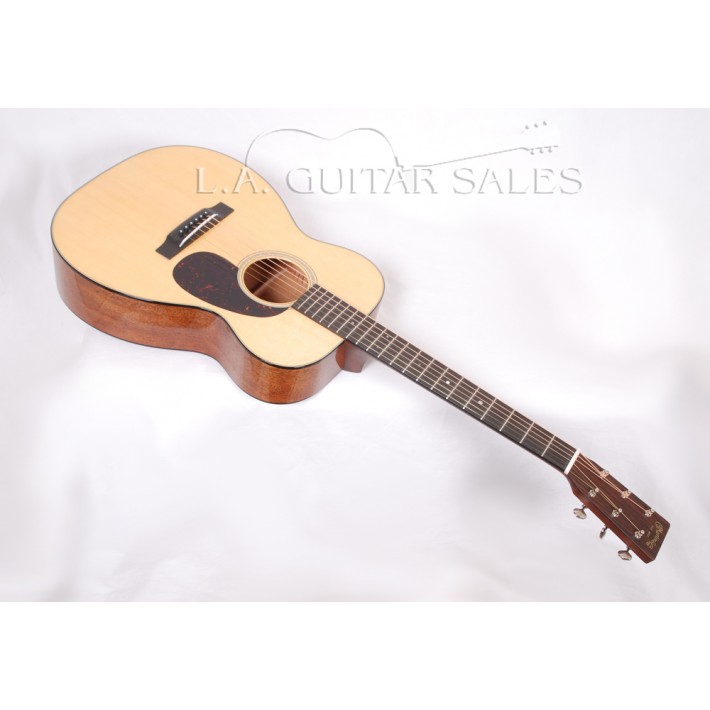 Martin 00-18V Mahogany Spruce 00 Grand Concert #42851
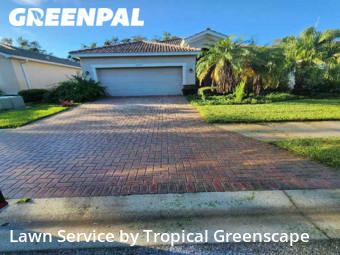 Lawn Mowing Service nearby Venice, FL, 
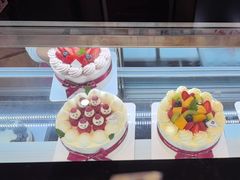 -花花卷卷·鲜食蛋糕(静安久光百货店)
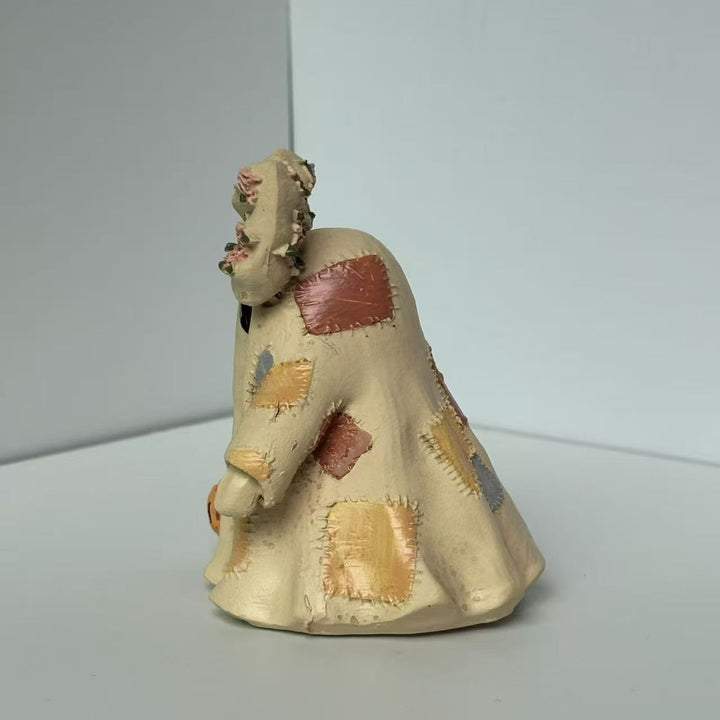 Playful Halloween decoration figure Stornfield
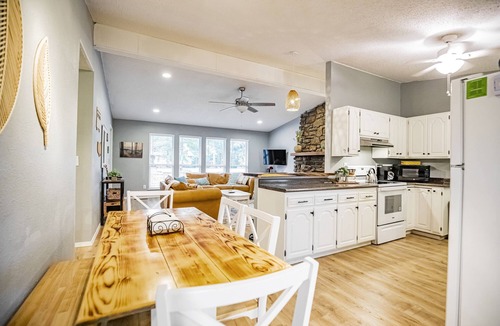 Bella Vista House | Spacious Trailside Escape w/Bunk Room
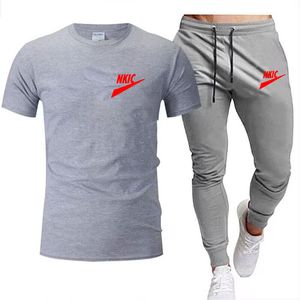 Été nouveaux survêtements pour hommes T-shirt à manches courtes costume de sport Shorts décontractés pour hommes ensemble de sport progressivement costume deux pièces pour hommes d'été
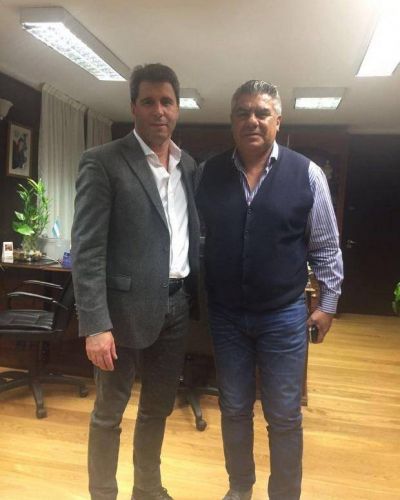  Chiqui Tapia estuvo de recorrida por la provincia y visit� a U�ac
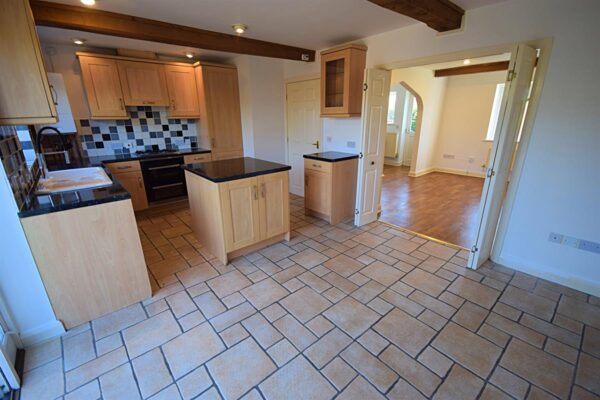 Pigeon Green, Snitterfield, Stratford-Upon-Avon
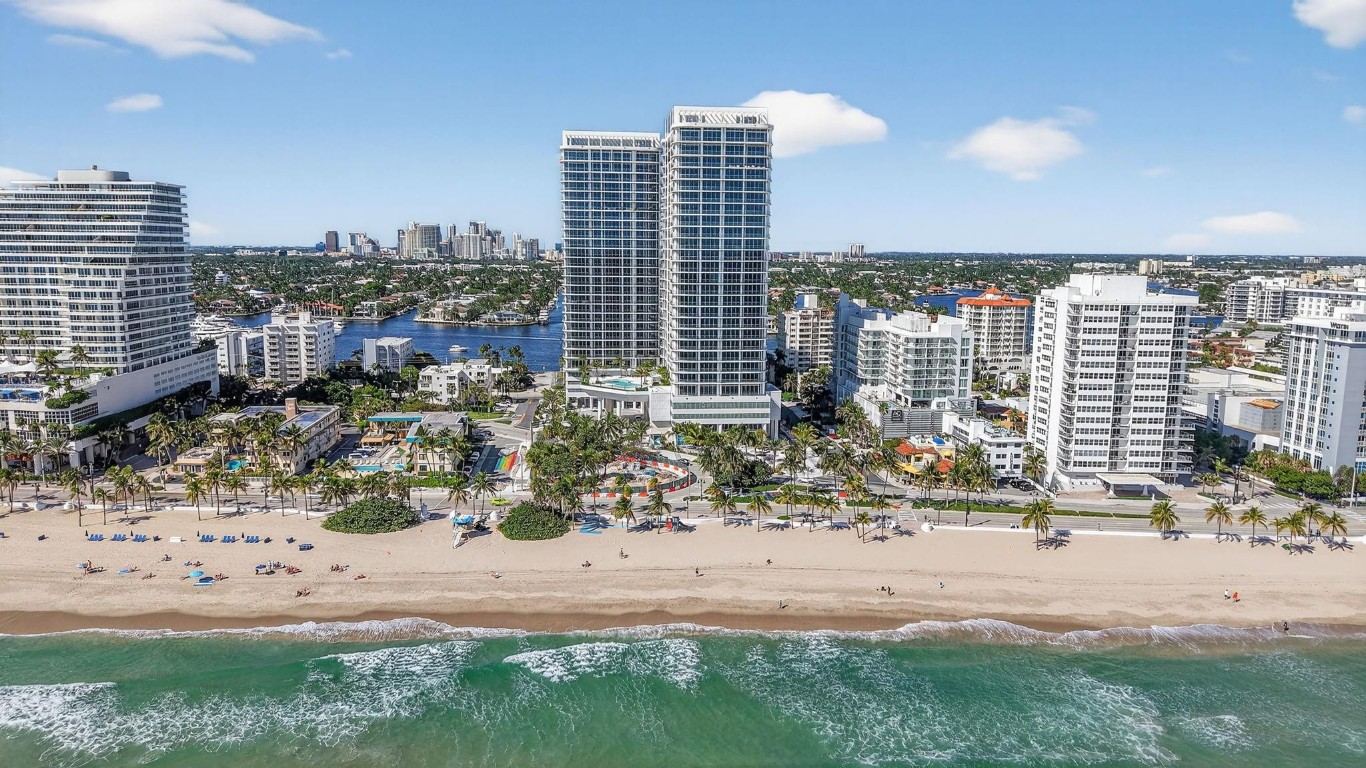 SELENE OCEANFRONT RESIDEN - Residential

******************************

Could you restate all of the data above word for word and skip every picture?

ANSWER SPACE
 Martin 00-18V Mahogany Spruce 00 Grand Concert #42851
 Lawn Mowing Service nearby Venice, FL, 
 -花花卷卷·鲜食蛋糕(静安久光百货店)
 Playful Halloween decoration figure Stornfield
 Bella Vista House | Spacious Trailside Escape w/Bunk Room
 Été nouveaux survêtements pour hommes T-shirt à manches courtes costume de sport Shorts décontractés pour hommes ensemble de sport progressivement costume deux pièces pour hommes d'été
  Chiqui Tapia estuvo de recorrida por la provincia y visit� a U�ac
 Pigeon Green, Snitterfield, Stratford-Upon-Avon
 SELENE OCEANFRONT RESIDEN - Residential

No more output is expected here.